### DIRECTIONS FOR THIS TASK
Would you retype exactly the lines below, starting with the one that has "ختام مميز للنسخة" and going on through the one that has "Fusil Kentucky Pedersoli", with no pictures and nothing else?

★ ★ ★ ★ ★ ★ ★

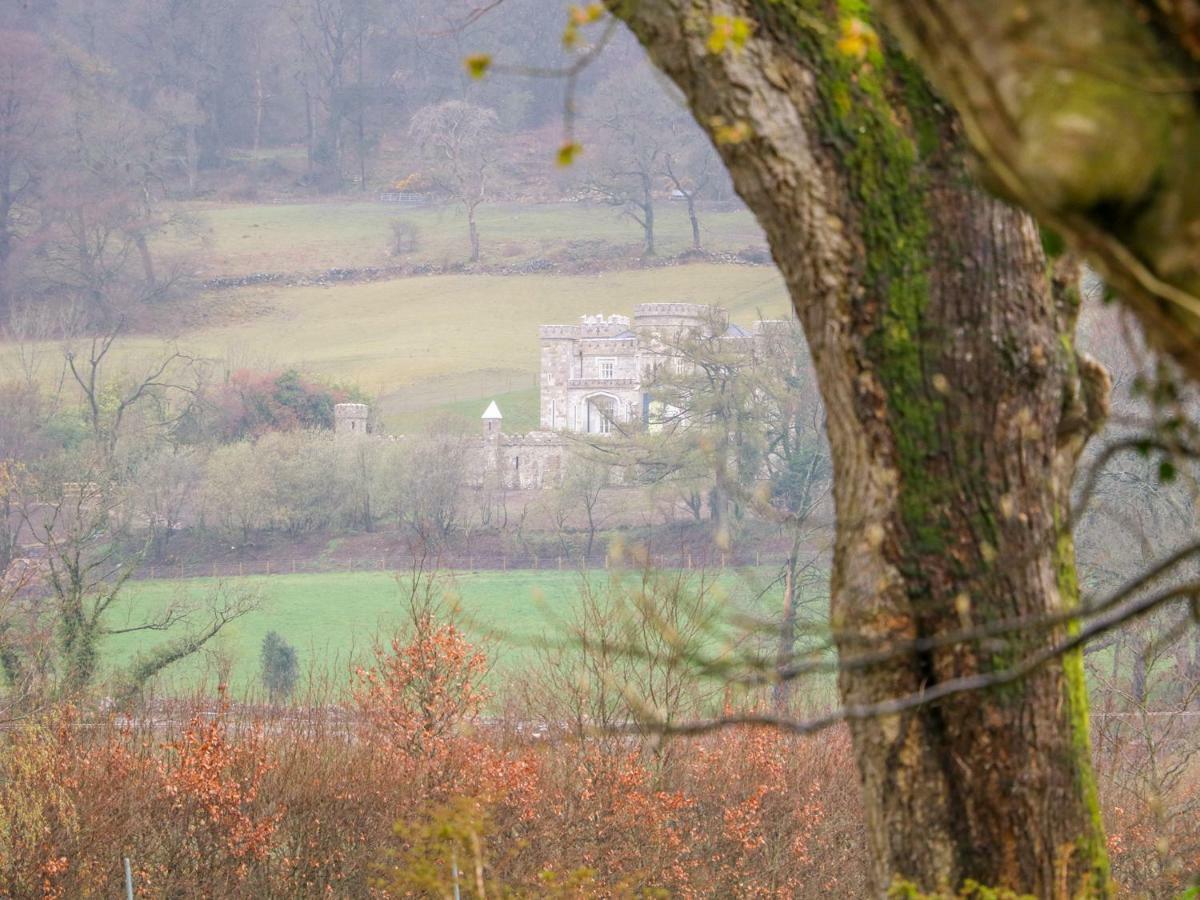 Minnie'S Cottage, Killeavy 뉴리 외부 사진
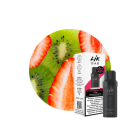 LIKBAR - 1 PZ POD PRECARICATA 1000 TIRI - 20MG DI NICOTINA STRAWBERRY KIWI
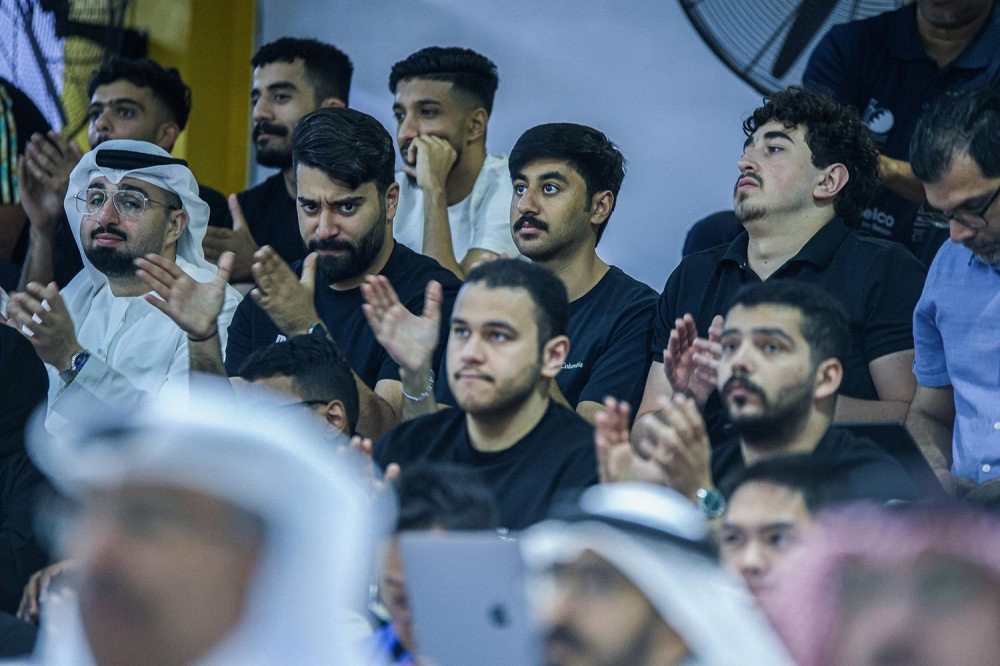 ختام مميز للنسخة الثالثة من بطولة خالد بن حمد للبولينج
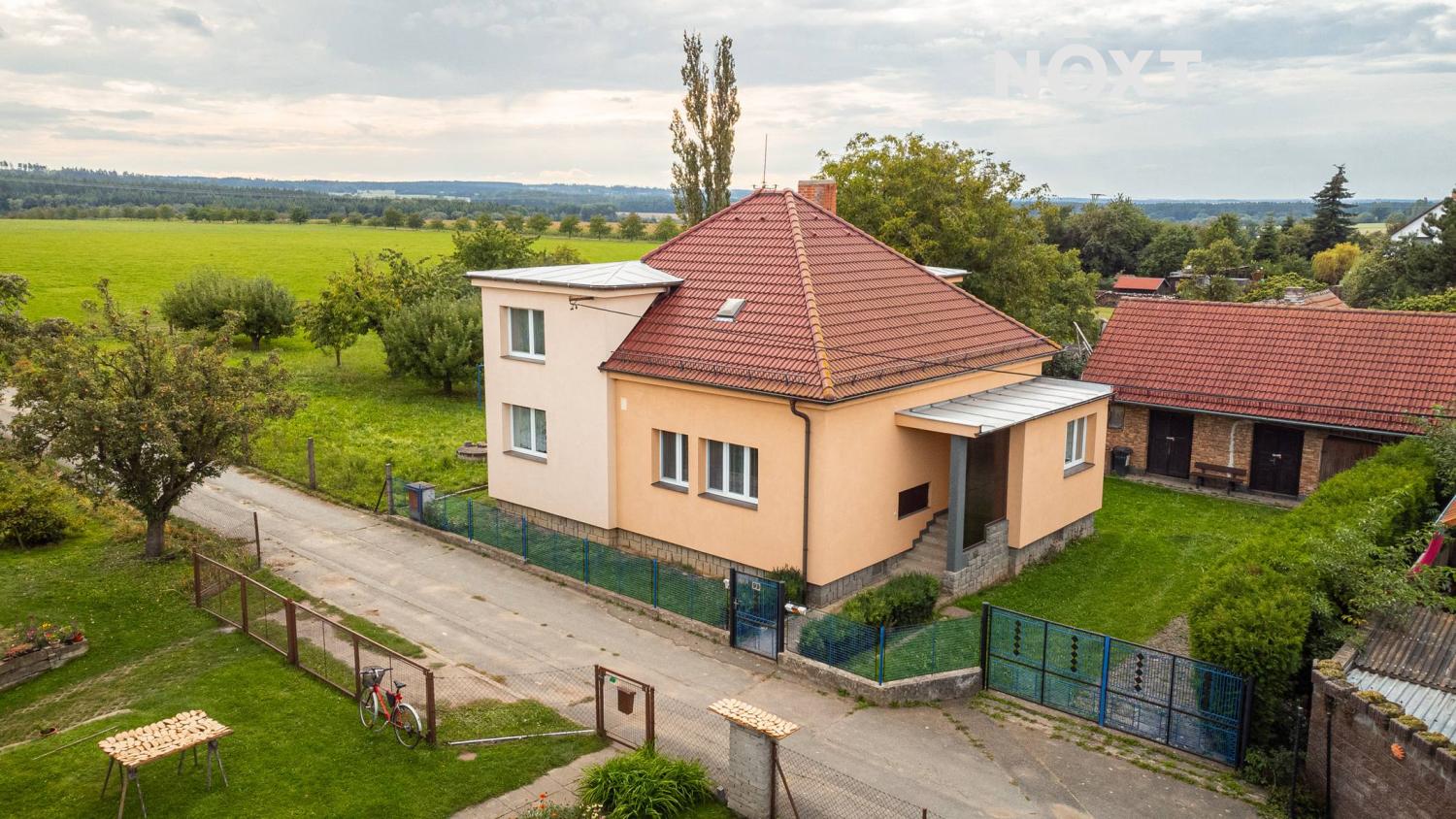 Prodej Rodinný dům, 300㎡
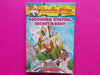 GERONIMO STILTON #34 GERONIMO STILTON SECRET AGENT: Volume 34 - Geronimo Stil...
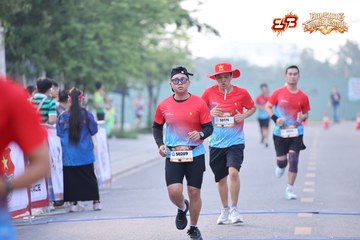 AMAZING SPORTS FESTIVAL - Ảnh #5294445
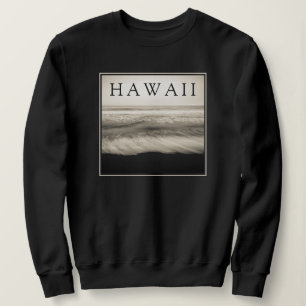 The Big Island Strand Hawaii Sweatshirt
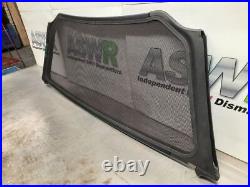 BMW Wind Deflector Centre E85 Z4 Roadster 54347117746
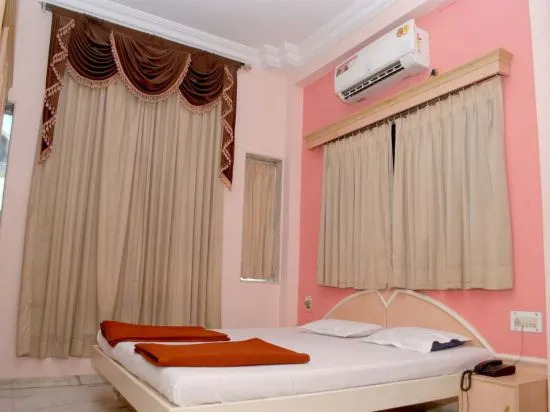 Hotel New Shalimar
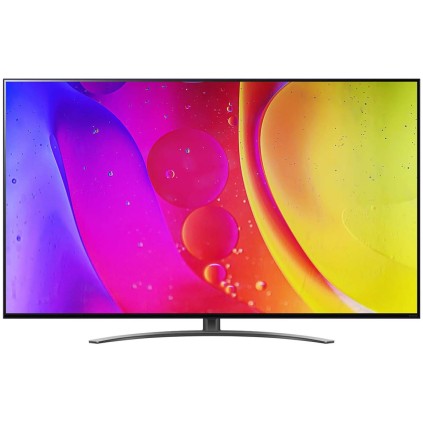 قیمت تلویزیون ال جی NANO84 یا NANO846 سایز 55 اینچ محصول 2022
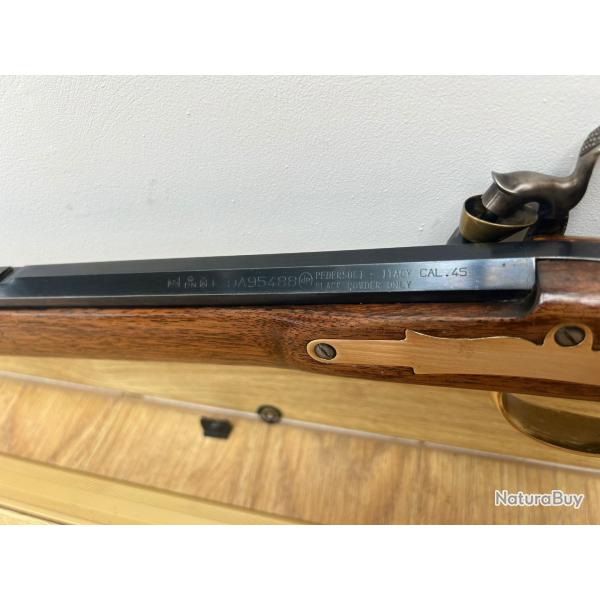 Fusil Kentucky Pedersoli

★ ★ ★ ★ ★ ★ ★

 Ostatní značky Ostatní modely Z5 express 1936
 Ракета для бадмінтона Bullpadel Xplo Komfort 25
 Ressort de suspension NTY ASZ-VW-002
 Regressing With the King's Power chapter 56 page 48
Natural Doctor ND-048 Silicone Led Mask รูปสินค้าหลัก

★ ★ ★ ★ ★ ★ ★

### SOLUTION FOR THIS EXERCISE
 ختام مميز للنسخة الثالثة من بطولة خالد بن حمد للبولينج
 Prodej Rodinný dům, 300㎡
 GERONIMO STILTON #34 GERONIMO STILTON SECRET AGENT: Volume 34 - Geronimo Stil...
 AMAZING SPORTS FESTIVAL - Ảnh #5294445
 The Big Island Strand Hawaii Sweatshirt
 BMW Wind Deflector Centre E85 Z4 Roadster 54347117746
 Hotel New Shalimar
 قیمت تلویزیون ال جی NANO84 یا NANO846 سایز 55 اینچ محصول 2022
 Fusil Kentucky Pedersoli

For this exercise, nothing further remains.